景気と先行きの話は別にして、いま住宅業界の最大関心事は何かというと、この欄でも何度も取り上げている長期優良住宅しかない感じだ。5月15日には今年度第1回の長期優良住宅先導的モデル事業の採択結果発表があった。昨年、200年住宅建設に200万円補助金が出るとして大いに業界の話題となったものだ。今年度もきっちり継続していて、大型経済対策の一翼を担って今年は170億円の予算が付いている。
さぞ、応募が多数あっただろうと思っていたら、昨年の第1回の半分ほど311件の提案しか集まらなかった。その理由をあれこれ考えてみると、昨年の採択された案件の内容などから見てずいぶんハードルが高い印象があったし、一方採択されたところでも受注にずいぶん苦戦したようなので、200万円の補助金は欲しいけれど面倒だしあまり効果がないという印象を与えたのかもしれない。
しかし採択された件数は昨年の第1回を大幅に上回る77件となり、数字的には採択率が2倍以上になった。長期優良住宅普及への国の意気込みを示す形になった。難しいし、あまり効果がないと考えて今回は応募しなかった業界関係者にとっては、「しまった!出しておけばよかった」という気持だろう。
で、今回採択されたモデル事業の中身を見ると、「住宅の新築」が58件、「既存住宅等の改修」が9件、「維持管理・流通等のシステムの整備」が6件、「情報提供及び普及」が2件。住宅の新築では木造等循環型社会形成分野の提案が24件と最も多く、つづいて維持管理流通強化分野で13件、共同住宅はわずか4件であった。

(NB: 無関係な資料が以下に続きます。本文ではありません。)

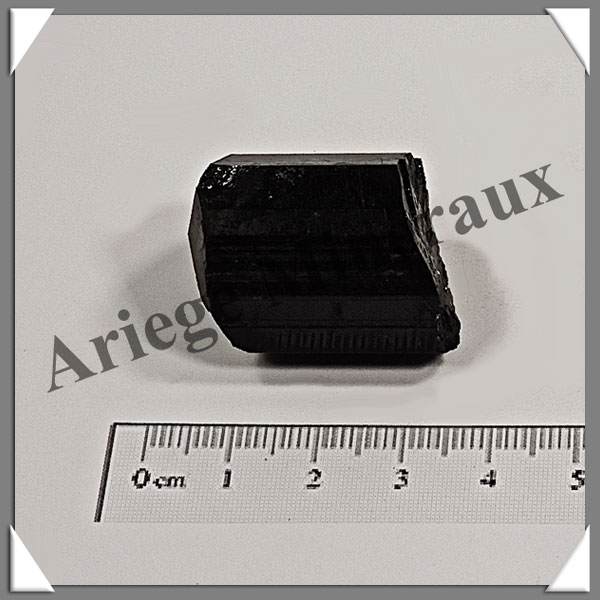 TOURMALINE NOIRE - 29 grammes - 30x25x22 mm - R059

あまり聞きなれない「木造等循環型社会形成分野」というのは何かというと、平たく言えば国産材・地元材を使って長期優良住宅を建てましょうというもの。この分野で応募した案件が一番多く採択された。また「維持管理流通強化分野」は、家を長持ちさせるメンテナンスサポートや住宅履歴の活用に重点を置いた家づくりのことで、簡単に言えば「中古住宅として売る時も性能がちゃんと証明できる」家づくりのことだ。この2つの分野で37件が採択されており、全案件の半数に達している。(詳しくは、建築研究所のホームページ、
http://www.kenken.go.jp/chouki/を参照)
つぎに採択された企業を見てみると、木造等循環型社会形成分野の提案では「宮城の伊達な杉」、「ぐんま森林物語」、「岐阜美濃の家」「丹沢桧で造る相模の家」などと地域名を冠し地元材をつかった提案が多く採択された。こちらは企業規模をみると地域の工務店・ビルダー、地域グループなどが多かった。それに反して維持管理流通分野では、積水、大和、ミサワ、トヨタなど大手ハウスメーカーがずらりと名前を連ねた。

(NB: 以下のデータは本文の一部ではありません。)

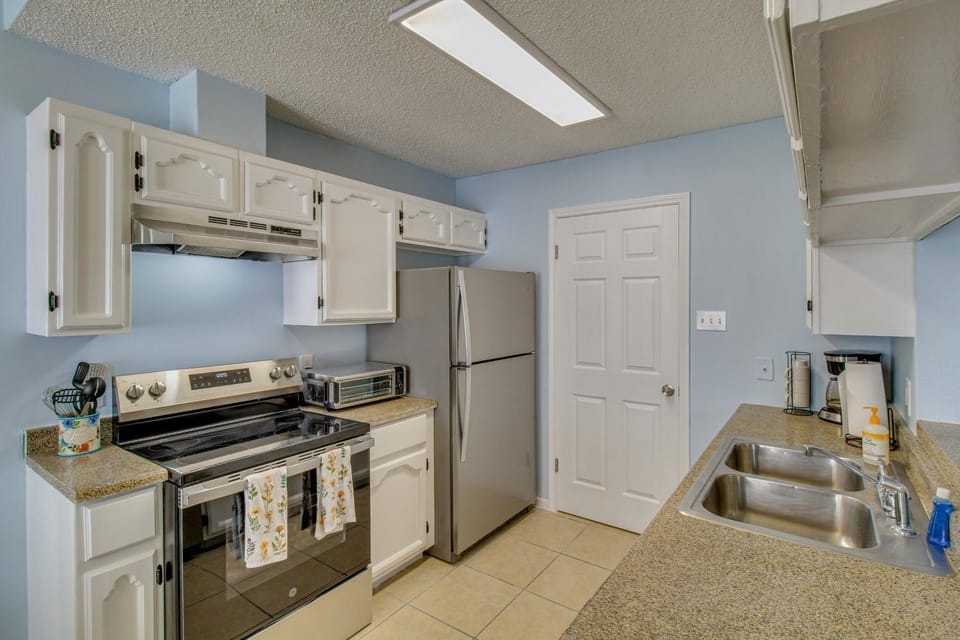 Furnished Corpus Christi Rental: Desk + Patios House in Nueces County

国産材の活用で地域のビルダーやグループが多いのは分かるが、維持管理流通で大手ハウスメーカーの名前がどうして並ぶのか。いろいろ考えてみると、大手ハウスメーカーであれば「性能や造りがしっかりしているし、維持管理も長年にわたってちゃんと見てくれるので、将来的に中古住宅として流通させても安心ですよ」ということだろう。それは国の意向なのか、評価委員のたまたまな評価なのか、さらには消費者の意識なのか分らないが、この分野で採択された企業名はその意図するところを明確に示している気がする。中小工務店に頑張ってもらいたい筆者としては、なんだか元気が出ない結果に見えてくる。
また、今回採択された企業・グループは昨年に比べ多くなったが、実際は昨年度の超長期優良住宅先導的モデル事業に採択されていたところも20数社あり、まったくの新規提案は50数社で、それほど採択のハードルが下がったわけでもなかった。国の意向としても、連続採択によって引き続き発展的に長期優良住宅の普及啓蒙に努めてくださいということもあるので、新規の応募はやはりハードルが高いと言わざるを得ないようだ。